▸ **TASK PROMPT**
In this exercise, print only the lines of the records below from the one with "Snapshot of ohfuckanal" through the one with "Bhabhi Sex boobs 2", inclusive. Pictures are not part of the copy.
^^^^
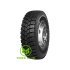 Goodride SupTrac X1 (ведущая) 13 R22,5 156/151K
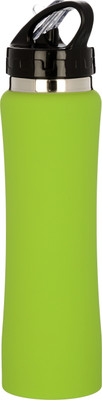 

Akrobo H2O 125 750 ml(Green)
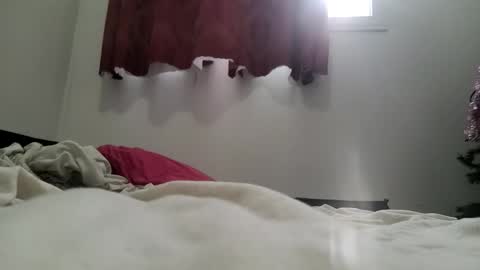 Snapshot of ohfuckanal chatting on 12/05/25, 06:26 ehard2023 online show from 12/05/25, 06:26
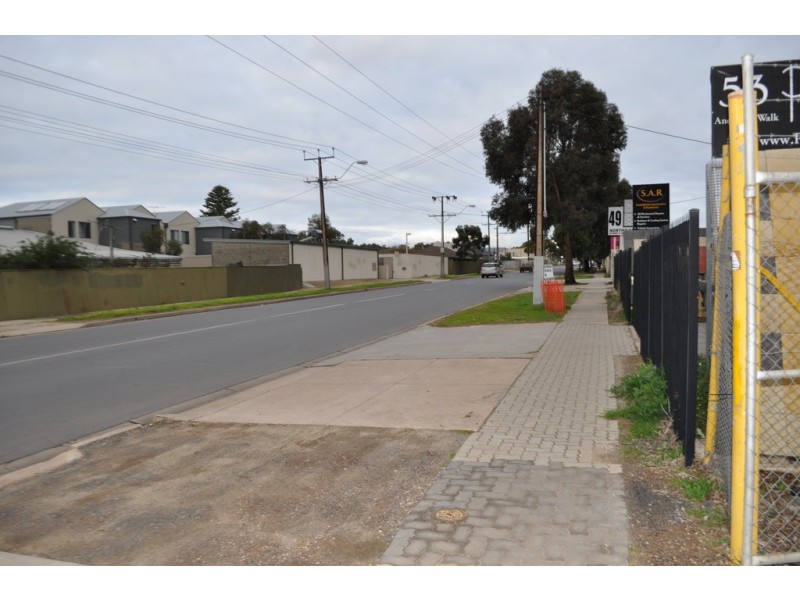 55 Anderson Walk, Smithfield SA 5114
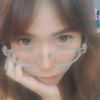 pang_trang
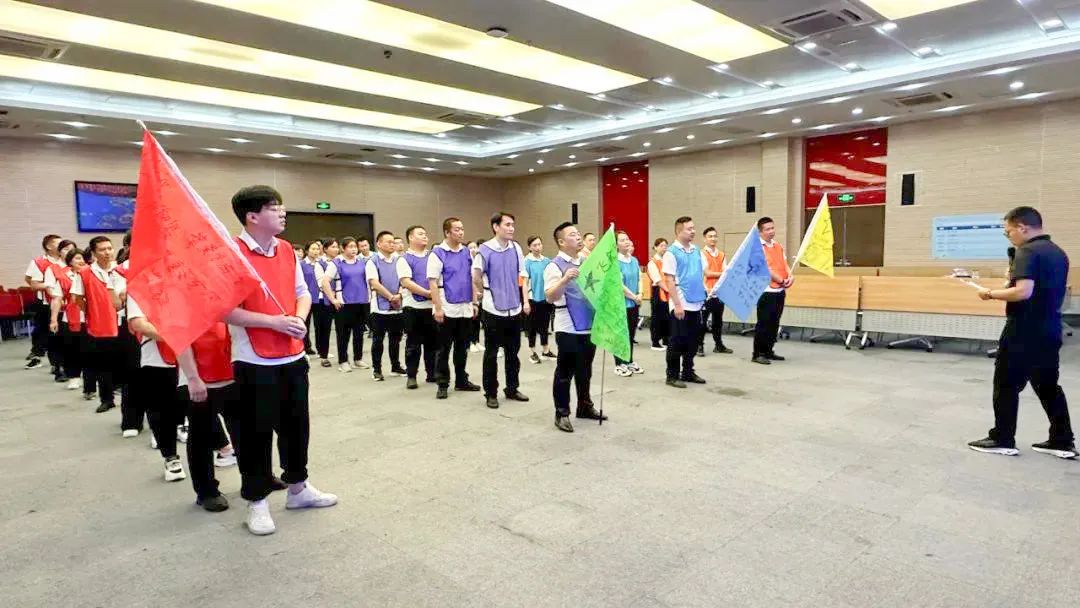 ׯ�к���Ϸ(�й�)�ɷ����޹�˾-����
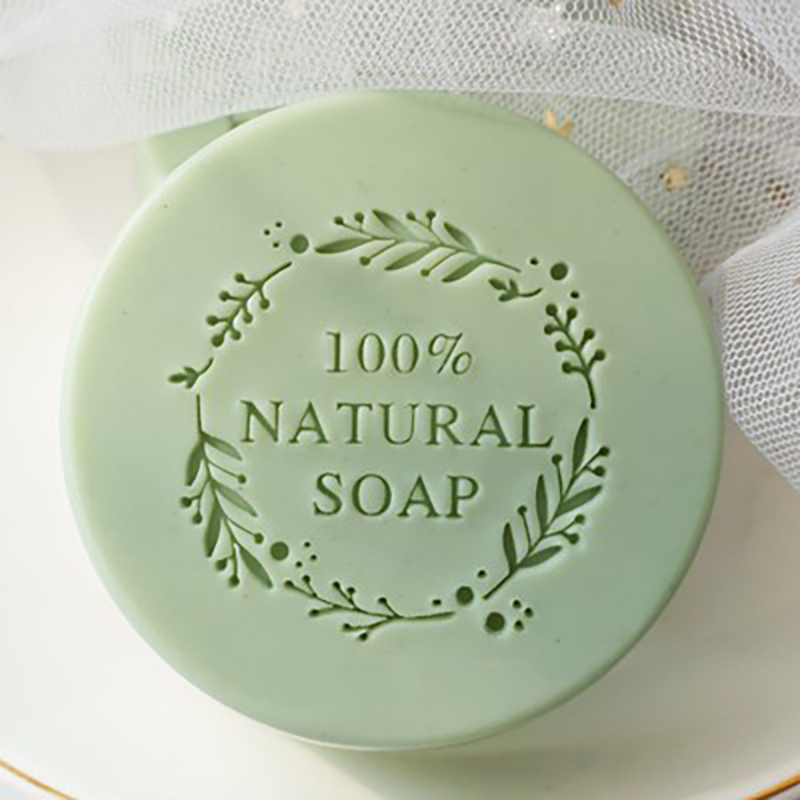 100% doğal sabun mektup çiçek  - Soap Making For Beginners incelemesi ve fiyatı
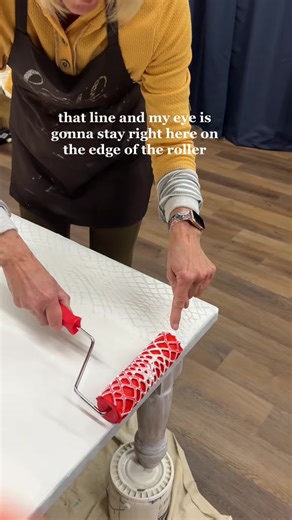 Innovative Upcycling Techniques for Furniture Transformation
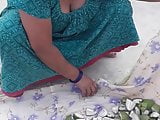 Bhabhi Sex boobs 2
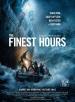 The Finest Hours (The Finest Hours)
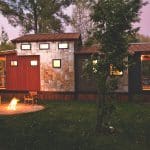 wheelhaus caboose 1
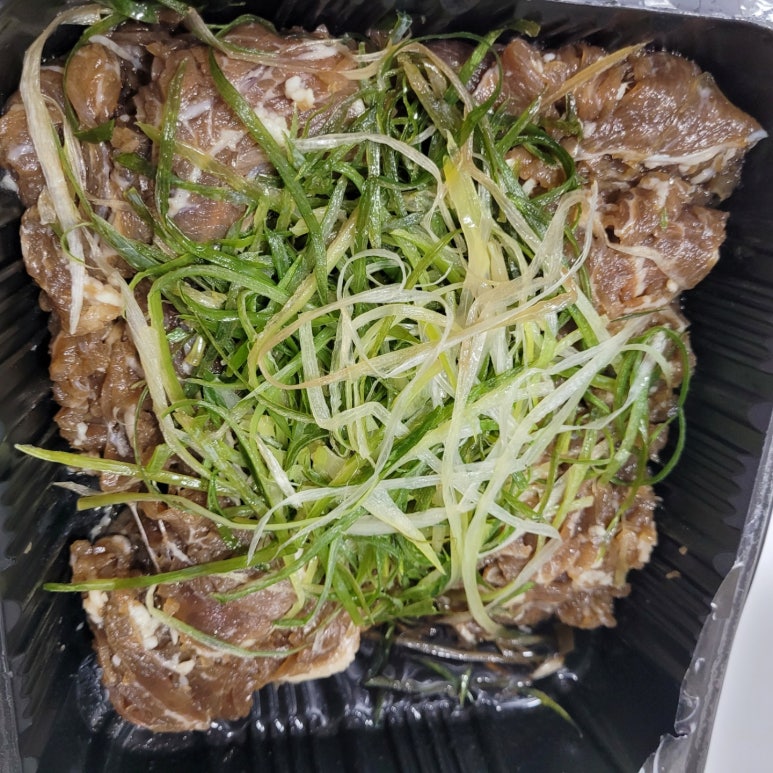 밥앤BABn 이미지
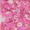LTPINK, variant on Hard Candy Creme Nail Color, 0990 Cosmic Love Affair, 0.26 fl oz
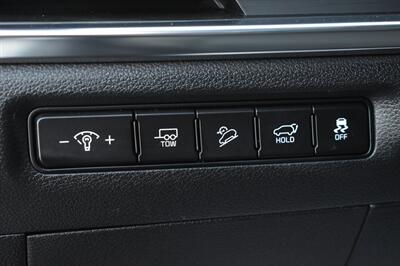 2024 Kia Telluride SX X-Pro - Photo 24 - Heber City, UT 84032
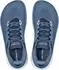 Altra FWD VIA 2 navy/light blue (Herren) (AL0A85SR446)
^^^^
▸ **TASK RESPONSE**
 Snapshot of ohfuckanal chatting on 12/05/25, 06:26 ehard2023 online show from 12/05/25, 06:26
 55 Anderson Walk, Smithfield SA 5114
 pang_trang
 ׯ�к���Ϸ(�й�)�ɷ����޹�˾-����
 100% doğal sabun mektup çiçek  - Soap Making For Beginners incelemesi ve fiyatı
 Innovative Upcycling Techniques for Furniture Transformation
 Bhabhi Sex boobs 2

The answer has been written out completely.